Recorded data:
---------------

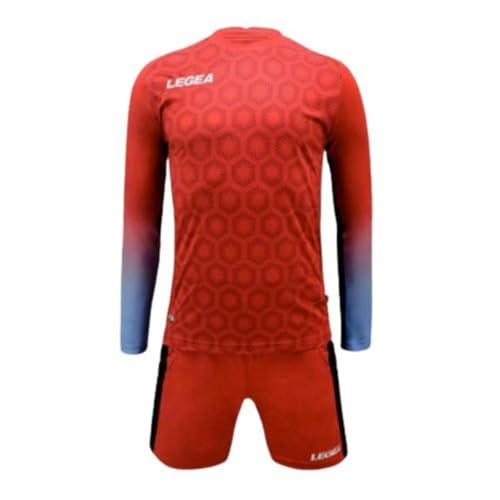Legea Unisex Torwart-Set San Memes Shorts, rot, S Legea Unisex Torwart-Set San Memes Shorts, rot, S von Legea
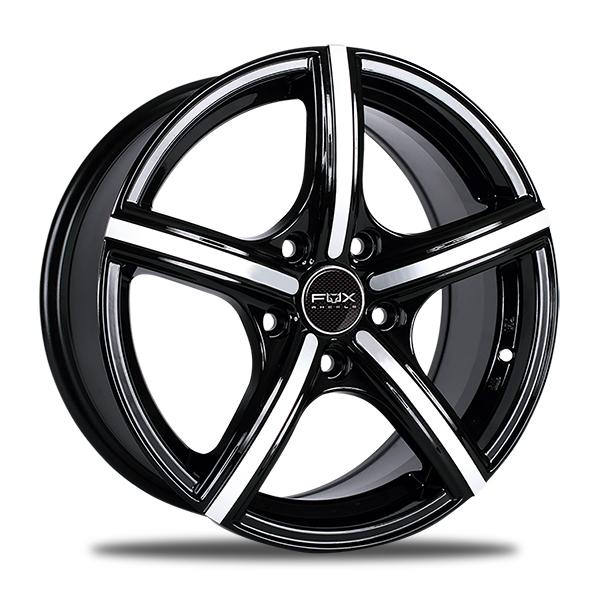 Jantes utilitaire FOX FX006 Black compatibles Chry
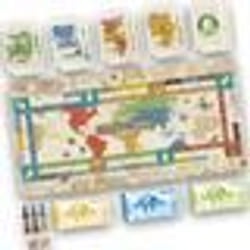 Jeu classique Lansay Richesses du monde - TU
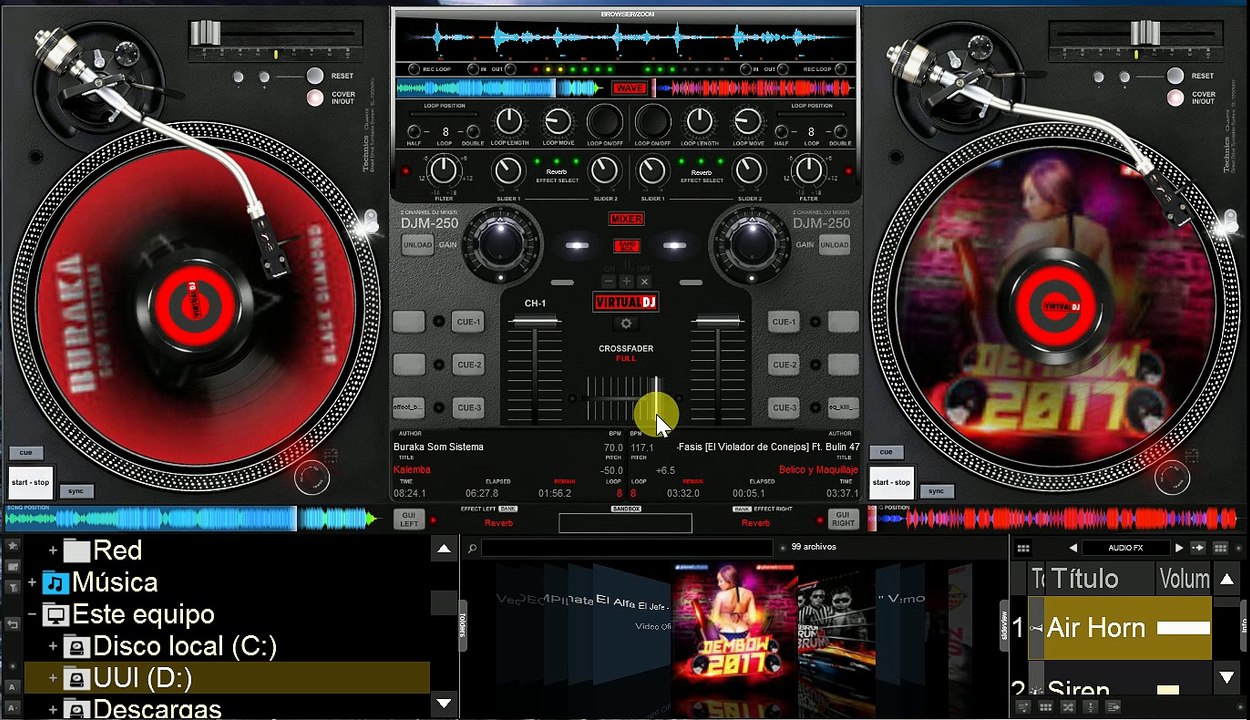 Buraka y Buling 47. Alberto Chust  02/04/2017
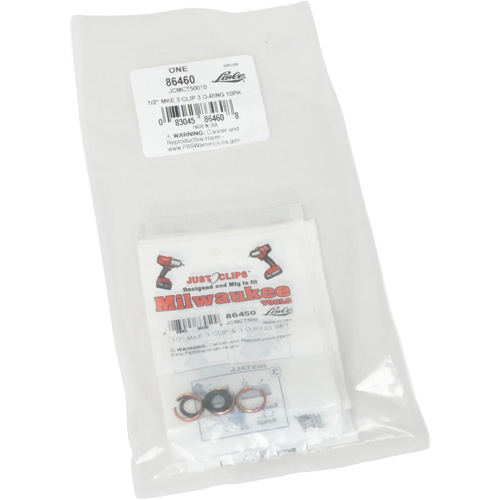 Jeu de clips et joints toriques de 1/2 po pour Milwaukee - en vrac Seaboard Timber Mart
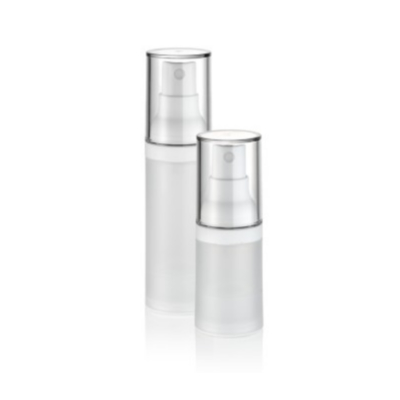 Apparence Délicate Flacon Pompe Airless en Plastique 5ml 10ml 15ml 30ml Utilisé pour les Soins de la Peau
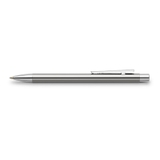 Bút Bi Faber-Castell Neo Slim Stainless Steel Silver Shiny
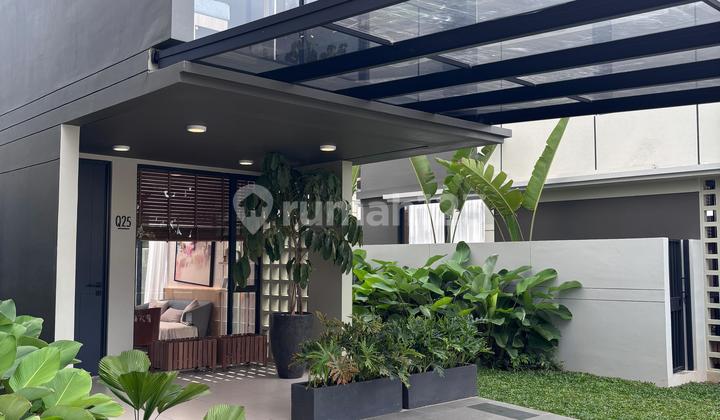 Rumah 2 Lantai Gading Serpong Cicilan 3,5jtan/bulan
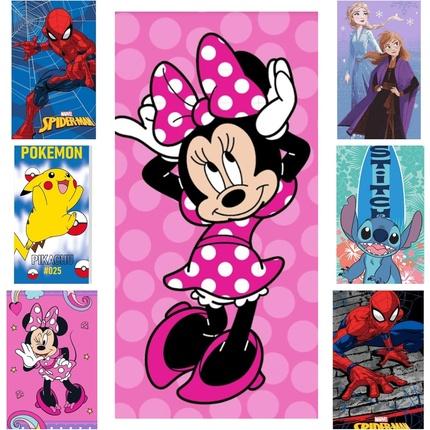 Immagine prodotto Safta Minnie Mouse - Telo mare 140 x 70 cm (cotone) (140 x 70 cm)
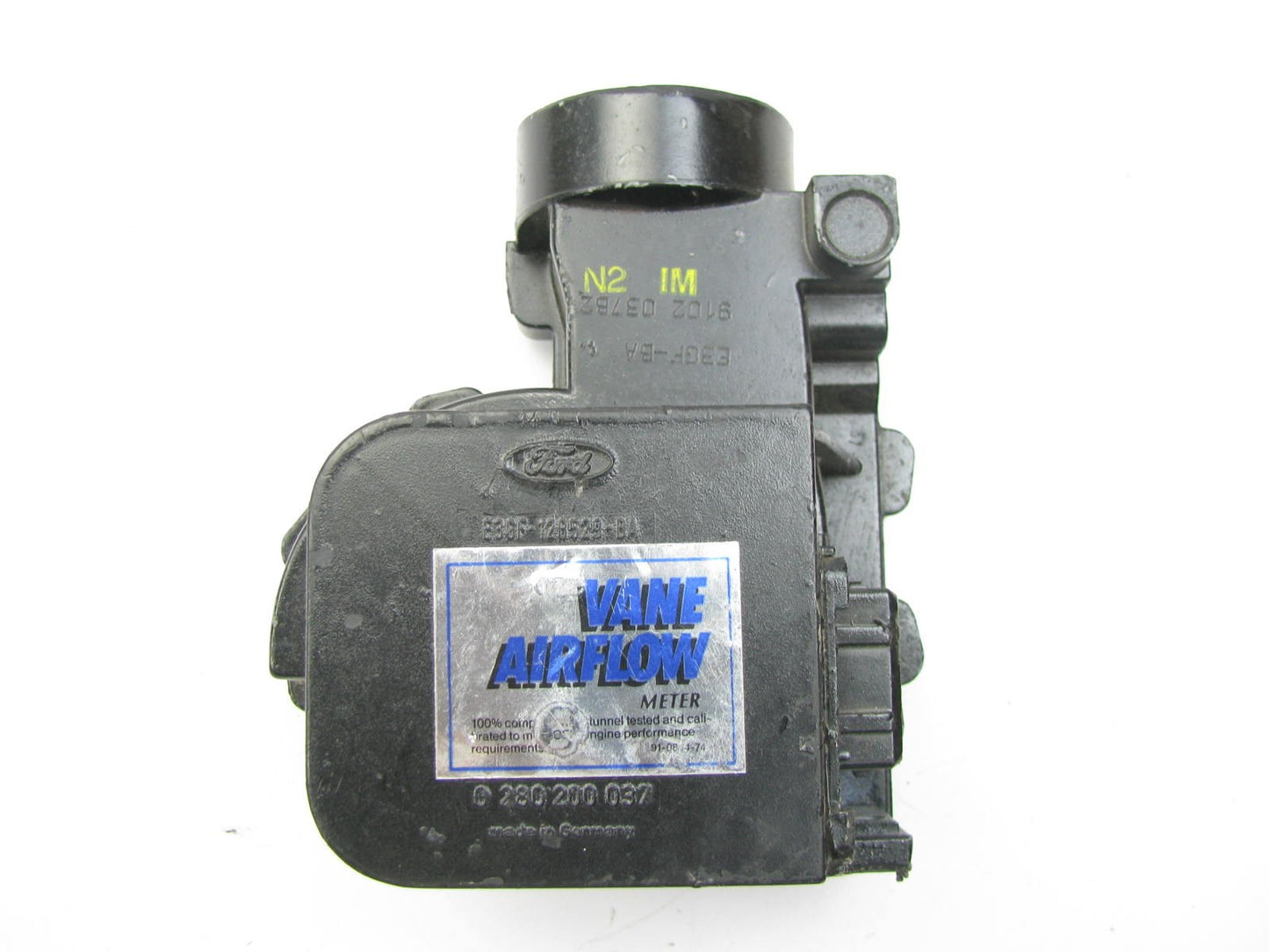 Reman. OUT OF BOX Mass Air Flow Meter MAF Sensor 0280200037 1983-85 Escort, Lynx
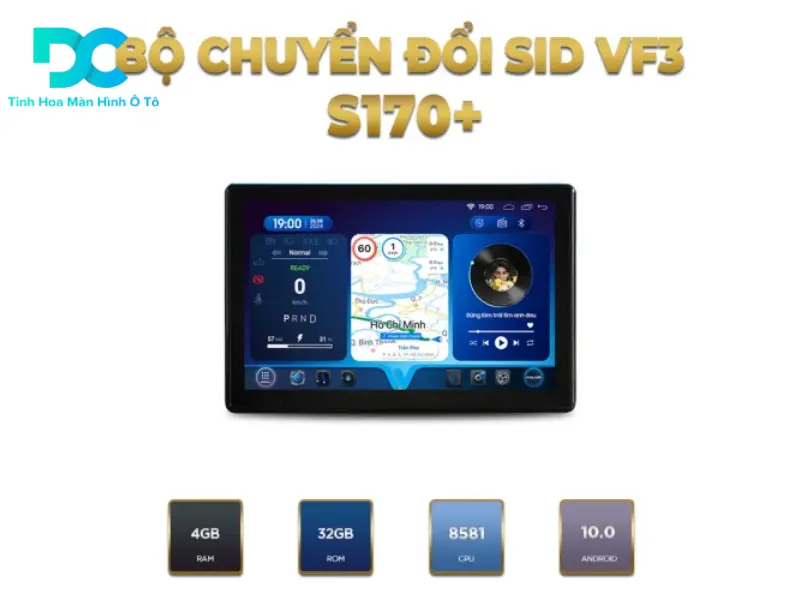 Bộ chuyển đổi SID S170+ VF3 PRO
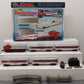 Lionel 6-11739 O Santa Fe Super Chief Diesel Passenger Train Set VG/Box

---------------

To do:
Leave out all pictures, then copy the remaining material exactly.

Task answer:
Legea Unisex Torwart-Set San Memes Shorts, rot, S Legea Unisex Torwart-Set San Memes Shorts, rot, S von Legea
 Jantes utilitaire FOX FX006 Black compatibles Chry
 Jeu classique Lansay Richesses du monde - TU
 Buraka y Buling 47. Alberto Chust  02/04/2017
 Jeu de clips et joints toriques de 1/2 po pour Milwaukee - en vrac Seaboard Timber Mart
 Apparence Délicate Flacon Pompe Airless en Plastique 5ml 10ml 15ml 30ml Utilisé pour les Soins de la Peau
 Bút Bi Faber-Castell Neo Slim Stainless Steel Silver Shiny
 Rumah 2 Lantai Gading Serpong Cicilan 3,5jtan/bulan
 Immagine prodotto Safta Minnie Mouse - Telo mare 140 x 70 cm (cotone) (140 x 70 cm)
 Reman. OUT OF BOX Mass Air Flow Meter MAF Sensor 0280200037 1983-85 Escort, Lynx
 Bộ chuyển đổi SID S170+ VF3 PRO
 Lionel 6-11739 O Santa Fe Super Chief Diesel Passenger Train Set VG/Box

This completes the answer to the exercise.